Voilà un moment qu’on entendait parler très élogieusement de Geoffroy Couteau (photo), nom indissociable de celui de Brahms. Intrigué, on prit le temps de découvrir son intégrale de l’œuvre pour piano seul, sortie il y a près de deux ans maintenant sous le label La Dolce Volta. Ce fut une révélation, ou plus exactement Brahms, comme une évidence. Geoffroy Couteau ne fait pas les choses à moitié. D’abord destiné à une carrière de gymnaste, le piano n’arrive que tard dans sa vie. Loin de l’image de l’enfant prodige, le pianiste est plutôt un travailleur acharné avec une âme de poète.
Le lien viscéral qui unit le pianiste français à Brahms ne date pas d’hier. Après ses études au Conservatoire National Supérieur de Musique de Paris, Geoffroy Couteau remporte un Premier Prix au 12e Concours International Johannes Brahms de Pörtschach en 2005… Prémonitoire ?
 Quelques années de travail plus tard, il ose faire le choix de l’immersion totale, prend une retraite artistique indispensable pour accoucher de ce projet fou qui le propulse enfin aujourd’hui sur le devant de la scène.

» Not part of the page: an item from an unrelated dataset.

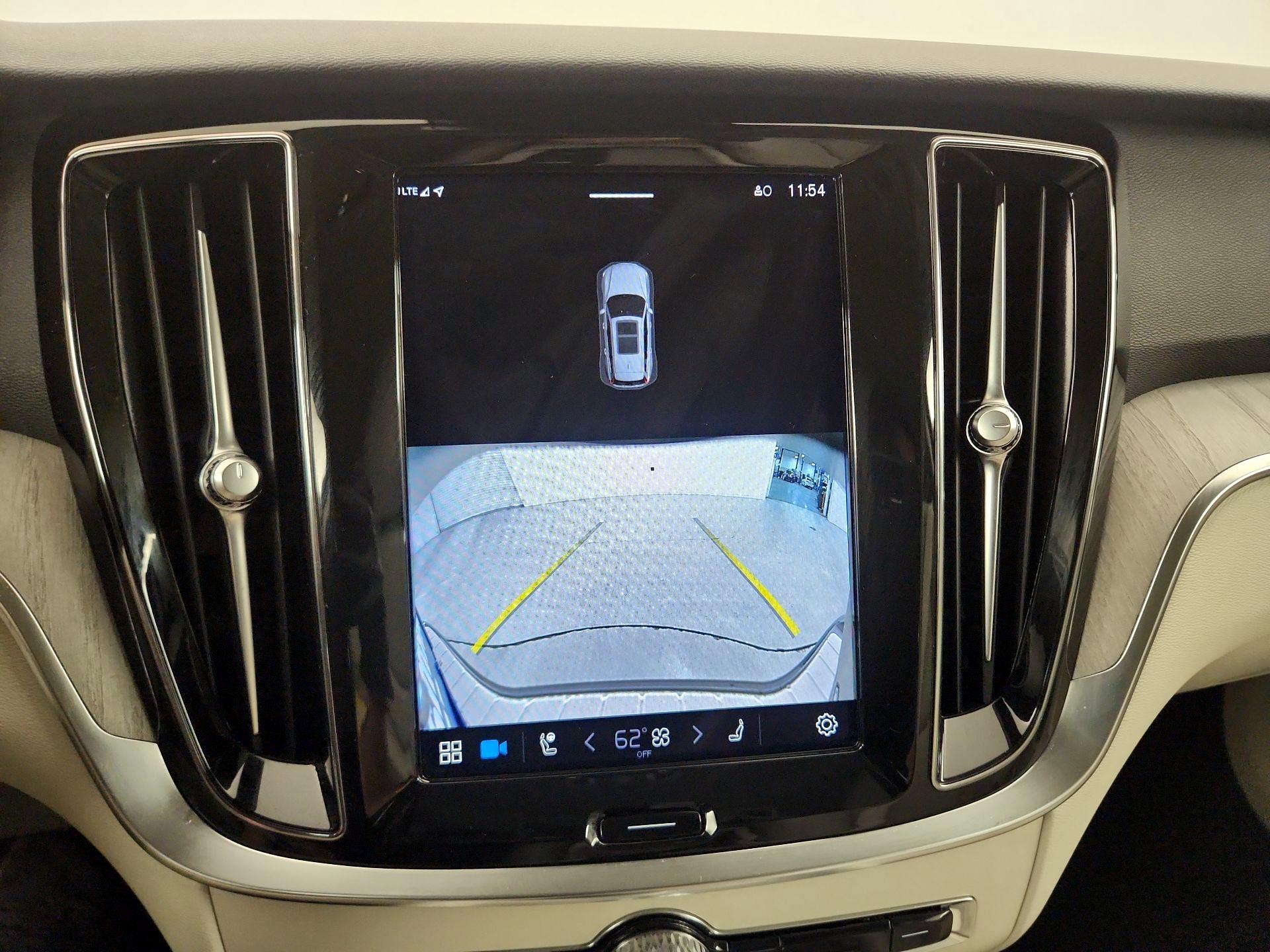 Thumbnail: 2023 Volvo S60 - 15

Car n’est pas brahmsien qui veut. Il y a une pâte Brahms qui exige un son généreux et chaud, une densité quasi orchestrale de timbres, une main gauche « de fer » dans un « gant de velours ». Geoffroy Couteau possède toutes ces qualités auxquelles s’ajoutent la grande clarté du discours, la profondeur de l’expression, l’élégance des phrasés. Son piano n’est jamais lourd, jamais dur, jamais sec. Un piano qui vit, qui chante et qui pense et qui va sans détour à l’essentiel. Résultat : on reçoit l’émotion de plein fouet.

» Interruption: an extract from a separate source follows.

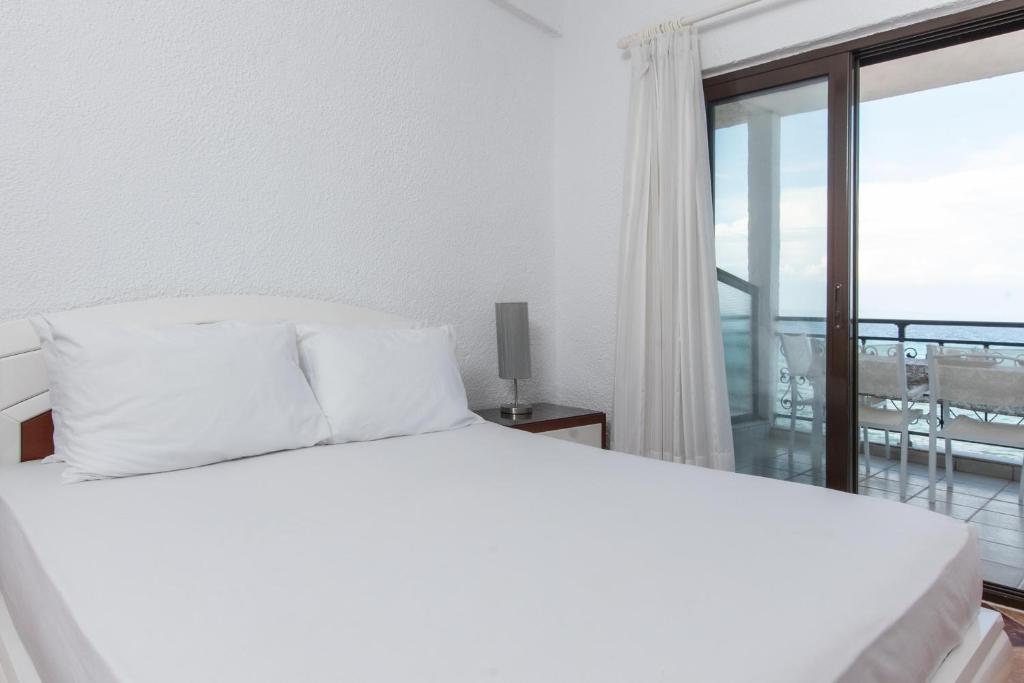 Posteľ alebo postele v izbe v ubytovaní Houseloft Sandals Beachfront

Ce fut le cas samedi dernier, dans l’intimité de l’amphithéâtre de la Cité de la musique.

© geoffroycouteau.com
 
Geoffroy Couteau offrait en une heure trente de récital, le Brahms de l’année 1854 : les quatre Ballades op. 10, tantôt épurées et teintées de thèmes populaires tziganes, tantôt farouches pleine d’accents et d’ambiguïtés rythmiques, la Troisième Sonate, chef-d’œuvre de romantisme allemand « où le piano se transforme en un orchestre, aux voix tour à tour exultantes ou gémissantes » (Robert Schumann).
Larges et puissants accords, incessants et vertigineux déplacements sur le clavier, approche orchestrale du piano, poésie proche de l’univers du Lied, références explicites à la figure tutélaire de Beethoven mais aussi à son mentor Robert Schumann, c’est en quelques mots ce qui attend l’interprète pour aborder cette œuvre périlleuse et géniale.
Geoffroy Couteau a tenu en haleine l’auditoire pendant les 40 minutes de l’ouvrage, on n’en a pas perdu une miette. Entre puissance et tendresse, c’était Brahms, tout simplement.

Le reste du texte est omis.